Jim Kogler wrote:
I have created a new string type with a memory pool allocator. Lets
presume the allocator works, my type is defined as:
typedef std::basic_string<char, std::char_traits<char>,
pool_allocator<char> > NewStr;
This is the same as std::string except with a different allocator,
right?
Right. It makes it a totally different, unrelated type, nonetheless.
I want to be able to implicitly convert from std::string to NewStr
like:
std::string a("hi");
NewStr b("there");
a = b;
or
b = a;
which doesnt work, becasue they are different types. So my question
is, if i wanted to do this:
class MyString : public NewStr
{ public:
MyString &operator=(const std::string &other)
{
// what is the best way to do this?
*this = other.c_str(); /// doesnt look good...
Probably something like
this->assign(other.begin(), other.end());
return *this;
}
of course the same question could apply to the copyCtor too...

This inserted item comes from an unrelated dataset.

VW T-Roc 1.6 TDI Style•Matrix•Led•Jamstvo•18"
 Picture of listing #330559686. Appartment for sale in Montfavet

You may use 'assign' there too.
and, to go the other way, should i do the same thing for the
operator const std::string&() {...} method?
No. What would it be a reference to? You can only return an object
from that, and not a reference:
operator std::string() const {
return std::string(this->begin(), this->end());
}
Is there a better way to create my type?
Not if you want your implicit conversions.
Victor
.